Intellectual property researchers, especially younger and newer researchers, may at times feel overwhelmed (or, alternatively, underinformed) regarding which conferences, symposia, workshops, and so forth are the “right” or “best” venues for sharing their work and meeting colleagues.

Lisa Larrimore Ouellette (@PatentScholar) has a brilliant post up at her Written Description blog that opens a dialogue about those concerns, and more.

Read: Academic IP Conferences,

Pittsburgh: Lagging and Leading

There was an interesting juxtaposition in Pittsburgh economic development news last week, courtesy of the @pittsburghpg @rczullo:

Lagging: “Brookings high-tech list a holy Toledo moment.” According to a recent Brookings Institution report, Pittsburgh is lagging other metro regions in its concentration of so-called “advanced industry” jobs. (Here is a link to the full report.) It’s possible to parse the data so that Pittsburgh doesn’t look quite so bad, but really, the headline tells the version of the story that has legs.

Leading: “‘Code for America’ fellows aim to make Pittsburgh more transparent.” The city of Pittsburgh has used Code for America money to bring a small team of hackers to town to make public procurement more transparent. I can only imagine the folks and interests that will be disrupted by this. The PG reported: “Contracts and campaign contributions often are the fuel that powers political machines, but Mr. Peduto said he wants the three Code for America fellows who will spend a year in Pittsburgh to help open up city purchasing to small businesses and others who have been historically shut out of the process and strip away ‘that whole machine.'” Good for Mayor Peduto.

Something New for Law Reviews

More than a dozen years ago, students at my law school came to me and proposed that I become the faculty advisor to a new student-edited specialty law journal in technology law and policy. I agreed and navigated the proposed journal through our internal approvals process. Success! I proudly shared my mini-professional success, and my school’s advancing in the IP/technology law ranks, with a senior colleague who had been a mentor to me. Hearing the news that another specialty technology law journal had launched, the response was an underwhelming and almost incredulous “another one?”

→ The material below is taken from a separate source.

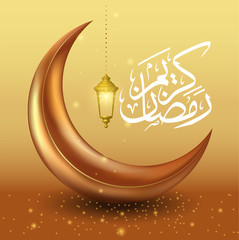 Ramadan Kareem calligraphy design with crescent and fanoos on arabesque background. Vector Illustration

Since then, I have worked with the students to make the journal relevant, sometimes with more success and sometimes with less. My message has always been: speak to the regional audience. Pittsburgh (like many re-emerging economies) is in dire need of thoughtful law and policy analysis.

Last Fall, at Concurring Opinions Dave Hoffman wrote a short piece summarizing his three-part advice to law review student authors and editors, including focusing their writing on shorter, more usable pieces. I’m happy to say not only that I agree with him, but also that at TLP, we have all three items on his list already in place and practice. The big one is: write short pieces about recent stuff, not bloated “notes” about appellate judicial opinions.

Over the last three years, Pittsburgh’s Journal of Technology Law & Policy has set its sails properly, and now the winds of progress are blowing in our favor. Beginning in the Fall of 2012, “TLP,” as the journal is known here, has focused much of its effort on publishing student-produced series of short law and policy pieces that address technology topics of interest to the Pittsburgh region. Each one is introduced by a short paper authored by a notable law and/or policy person, both to give the series some higher-level framing and to bring the series some of the public attention that it deserves.

The most recent of TLP’s “Student Article Series” is now online, at The theme is “smart cities,” and the introduction is by Pittsburgh’s Mayor, Bill Peduto.